Conclusion, Implications, and Recommendations
Youths’ participation in sports is driven by diverse forces such as the influence of others (like parents and peers) and internal characteristics and drivers. Emphasis on the motivation of Black male youth in the US, point to an underexplored gap in the literature—specific discussion of the motivations of Black male adolescents to join sports early in the life course. We argue that consideration of the social, cultural and structural reality shaping the social position of Black men adds nuance to Black male youths’ decisions to participate in sports. Their racial identity exposes them to structural and cultural forces that shape their everyday lives. Sports and athletic programming are merely sites in which to observe the socio-cultural forces acting upon Black male youth. Institutions endeavor to construct the roles and life outcomes of young Black adolescents and therefore their contact and experiences with sports is situated in a larger racialized social world.
Much like other institutions that maintain dominant ideologies about race, class, and gender, sports institutions and organizations are engaging in strategies of social control or racial projects (Omni and Winant 1986). In a society with rampant ideologies and stereotypes about the character, behavior, and promise of Black male youth, schools are directly engaged in their socialization. Sports facilitate this process. The interactions between educational institutions, Black male youth and their participation in athletics reveal the propensity of institutions to influence social perceptions and responses to members of particular social groups. Even so, in practice, schools and school actors attempt to fix Black male youth, using athletic participation.

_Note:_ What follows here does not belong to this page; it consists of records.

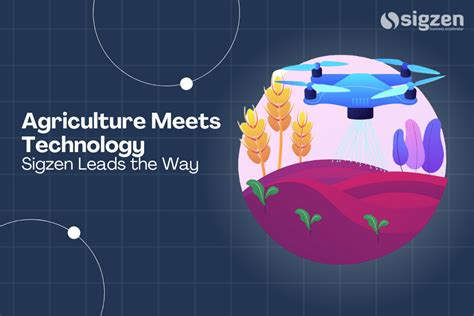 sigzen technologies|Sigzen Technologies: Pioneering Technological Advancements in .
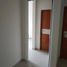 4 Habitación Villa en venta en Sumurbandung, West Jawa, Sumurbandung
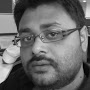 Sanjiv Kumar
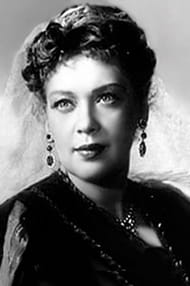 Filmek a színésszel Anna G. Lisyanskaya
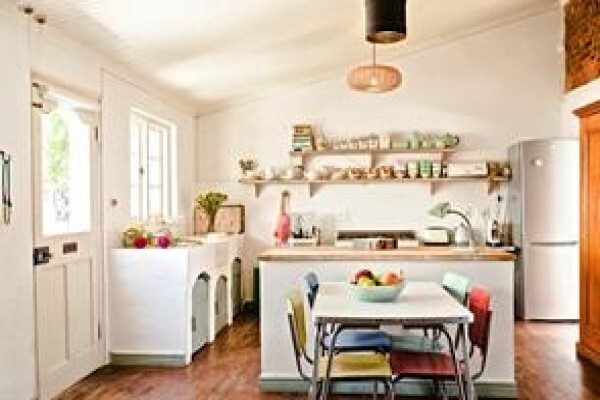 La Grenadine Guest House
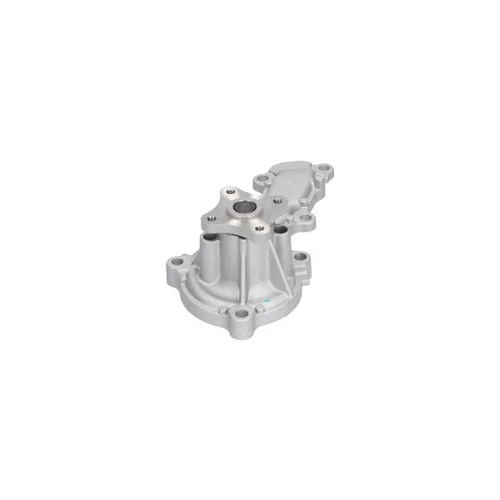 Vodné čerpadlo, chladenie motora NW-2274 (KAVO PARTS) - obr. 1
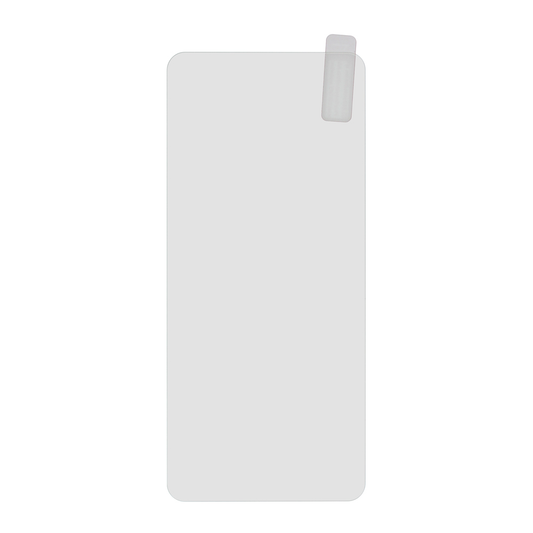 Zastitno Staklo Tempered glass Plus za Motorola Moto G42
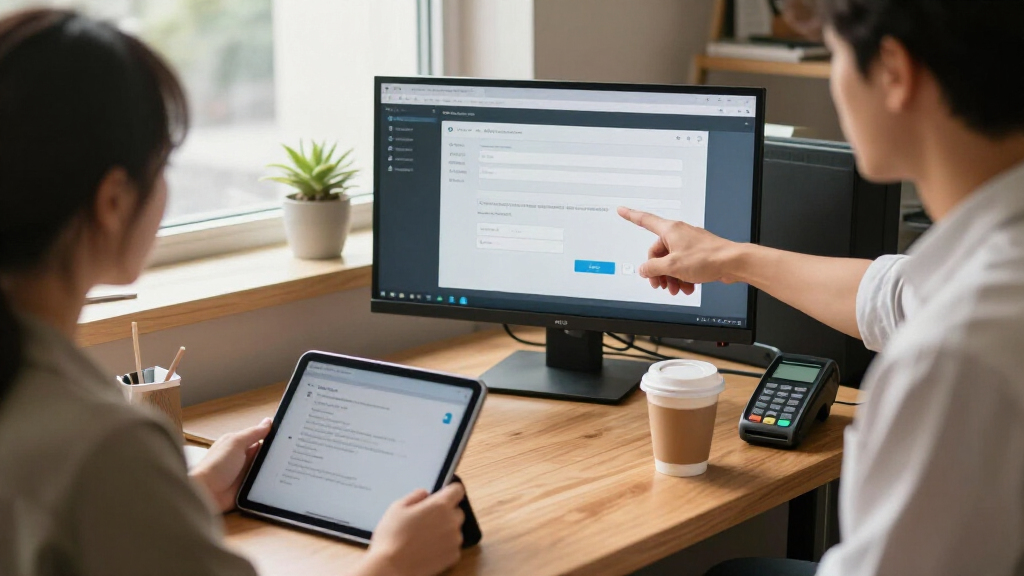 Meta And Sierra Build Standard For How Personal Agents Interact With Businesses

While Black male youths may have intrinsic and extrinsic motivations for joining organized sports programs, the institutional roles of schools and their investment in these young people as racial projects is a significant addition to knowledge of the mechanisms driving sports participation. Future research should explore the extent to which these processes occur and how youth respond to institutional pressures to participate in sports. More pointedly, future research should explore the institutional culture of schools that Black male youth attend and how interactions between school actors and students drive some students to participate in sports. Research also should explore why some Black males choose not to participate in sports in order to better understand the motivations of those who do. Patterns surrounding individual characteristics (like socio-economic background) and institutional characteristics (such as school, racial and socio-economic composition) could emerge to tell a greater story of Black males’ involvement in sports activities.